What both Mantle and Lever have in common is that they are journalists who have followed their respective stories as they unfolded, and the content of their books is undeniably interesting. Other journalists are almost certainly compiling books about BCCI and the Maxwell scandal. But books are more than a series of extended newspaper articles between hard covers, and they should have been told so by their editors. Michie, on the other hand, has certainly written a useful book, but the reader looks in vain for life and colour, for the romance of the City.

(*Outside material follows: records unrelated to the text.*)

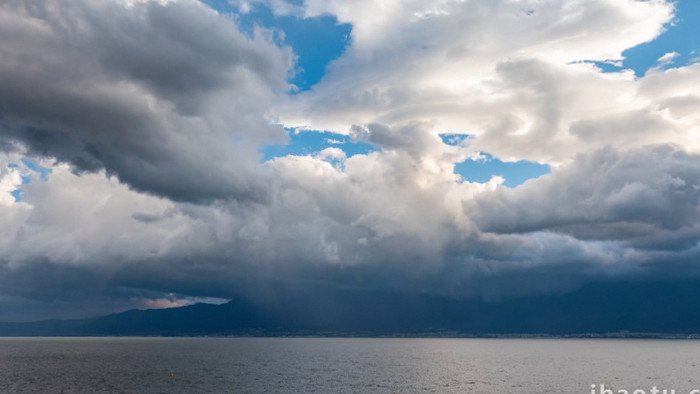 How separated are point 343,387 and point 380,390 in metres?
14.4

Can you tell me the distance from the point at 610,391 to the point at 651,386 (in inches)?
1272

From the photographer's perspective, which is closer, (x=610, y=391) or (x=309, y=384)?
(x=610, y=391)

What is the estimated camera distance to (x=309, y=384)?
639 feet

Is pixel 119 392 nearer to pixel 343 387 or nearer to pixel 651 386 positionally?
pixel 343 387

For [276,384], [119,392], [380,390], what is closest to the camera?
[119,392]

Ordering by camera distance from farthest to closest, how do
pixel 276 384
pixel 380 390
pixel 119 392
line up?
pixel 276 384 < pixel 380 390 < pixel 119 392

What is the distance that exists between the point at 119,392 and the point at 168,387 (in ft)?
58.4

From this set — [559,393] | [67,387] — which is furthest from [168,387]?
[559,393]

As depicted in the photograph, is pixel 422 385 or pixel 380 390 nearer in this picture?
pixel 380 390

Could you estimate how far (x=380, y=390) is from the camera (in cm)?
18050

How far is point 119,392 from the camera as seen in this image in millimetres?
169500

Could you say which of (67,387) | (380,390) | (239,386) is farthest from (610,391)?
(67,387)

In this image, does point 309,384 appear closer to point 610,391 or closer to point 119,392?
point 119,392

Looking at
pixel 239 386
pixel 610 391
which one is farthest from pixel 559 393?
pixel 239 386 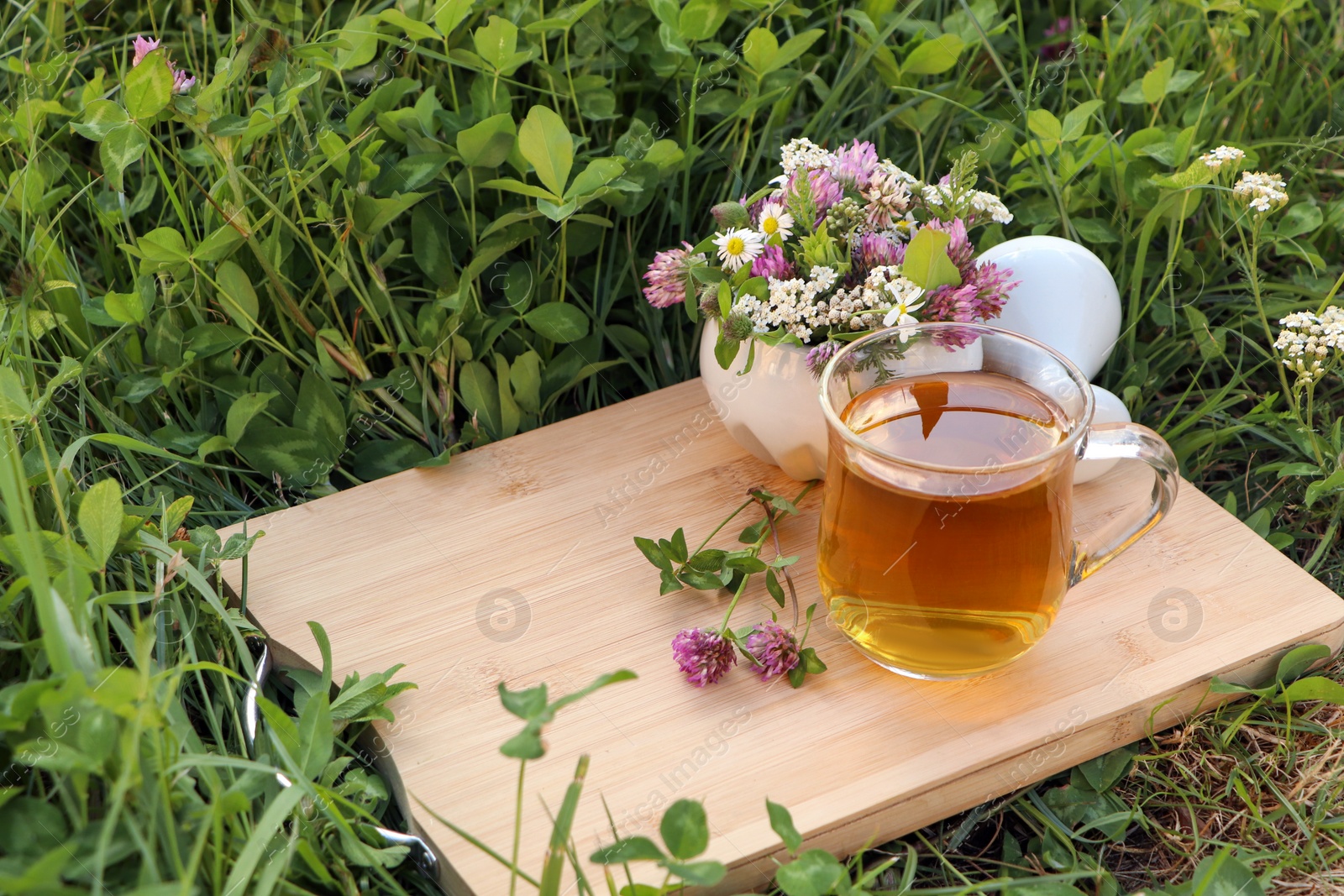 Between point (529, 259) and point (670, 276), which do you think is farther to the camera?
point (529, 259)

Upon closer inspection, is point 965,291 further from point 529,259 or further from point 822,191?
point 529,259

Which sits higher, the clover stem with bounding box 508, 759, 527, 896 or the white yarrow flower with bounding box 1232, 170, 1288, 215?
the white yarrow flower with bounding box 1232, 170, 1288, 215

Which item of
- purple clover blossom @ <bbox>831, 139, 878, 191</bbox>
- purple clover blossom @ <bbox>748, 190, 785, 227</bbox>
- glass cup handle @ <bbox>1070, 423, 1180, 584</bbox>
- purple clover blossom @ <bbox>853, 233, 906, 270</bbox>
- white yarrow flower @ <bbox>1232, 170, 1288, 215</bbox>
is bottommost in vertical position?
glass cup handle @ <bbox>1070, 423, 1180, 584</bbox>

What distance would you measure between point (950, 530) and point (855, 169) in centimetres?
38

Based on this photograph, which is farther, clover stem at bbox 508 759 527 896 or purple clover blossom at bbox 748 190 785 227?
purple clover blossom at bbox 748 190 785 227

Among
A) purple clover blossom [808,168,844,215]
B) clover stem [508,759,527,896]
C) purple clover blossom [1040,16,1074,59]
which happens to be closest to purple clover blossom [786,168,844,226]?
purple clover blossom [808,168,844,215]

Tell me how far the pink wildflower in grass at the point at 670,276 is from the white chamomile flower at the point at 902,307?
0.19 metres

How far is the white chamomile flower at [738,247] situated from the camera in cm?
100

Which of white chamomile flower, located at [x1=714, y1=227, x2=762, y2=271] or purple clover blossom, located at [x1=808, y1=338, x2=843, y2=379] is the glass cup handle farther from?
white chamomile flower, located at [x1=714, y1=227, x2=762, y2=271]

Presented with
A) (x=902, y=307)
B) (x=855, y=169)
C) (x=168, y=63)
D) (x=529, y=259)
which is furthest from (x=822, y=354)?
(x=168, y=63)

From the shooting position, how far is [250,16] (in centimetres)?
120

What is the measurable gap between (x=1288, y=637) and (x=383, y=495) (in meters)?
0.82

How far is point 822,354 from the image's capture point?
3.18ft

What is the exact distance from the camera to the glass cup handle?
2.93ft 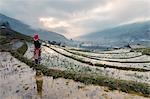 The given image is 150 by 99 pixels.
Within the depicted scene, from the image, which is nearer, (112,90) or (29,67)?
(112,90)

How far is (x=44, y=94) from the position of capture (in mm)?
20938

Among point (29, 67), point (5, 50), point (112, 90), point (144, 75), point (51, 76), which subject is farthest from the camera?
point (5, 50)

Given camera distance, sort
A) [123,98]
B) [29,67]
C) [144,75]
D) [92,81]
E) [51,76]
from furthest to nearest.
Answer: [144,75]
[29,67]
[51,76]
[92,81]
[123,98]

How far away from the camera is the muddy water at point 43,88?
20.6 meters

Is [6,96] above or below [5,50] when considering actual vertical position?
below

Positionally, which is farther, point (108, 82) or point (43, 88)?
point (108, 82)

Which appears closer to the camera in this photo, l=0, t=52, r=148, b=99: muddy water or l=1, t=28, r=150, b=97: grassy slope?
l=0, t=52, r=148, b=99: muddy water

The City, some might say, is at a turning-point, but what the reader of Michie’s book will realise is that there have been frequent turning-points in the City’s history. It has adapted and survived, supported by a critical mass of experience, expertise and resources, all of which still exist. On the whole, scandal does not stalk the streets. On the whole, the City renders valuable service, not only to clients but to the country. But it can no longer be as self-regarding as it once was. A government which encourages a mass shareholding public is a government which has some responsibility to that public for ensuring that there is a level playing-field. On the other hand, the Government has encouraged mass participation partly because it will be profitable for its supporters to become involved: it must therefore take care that it does not, through over-regulation, drive this very business away. A line was drawn in 1985 with the passing of the Financial Services Act and the consequent setting-up of the Securities and Investments Board and various self-regulating agencies, but the results have not been wholly happy and adjustments are being made. Lloyd’s, too, will probably have to change. The question is, who will judge between baby and bathwater.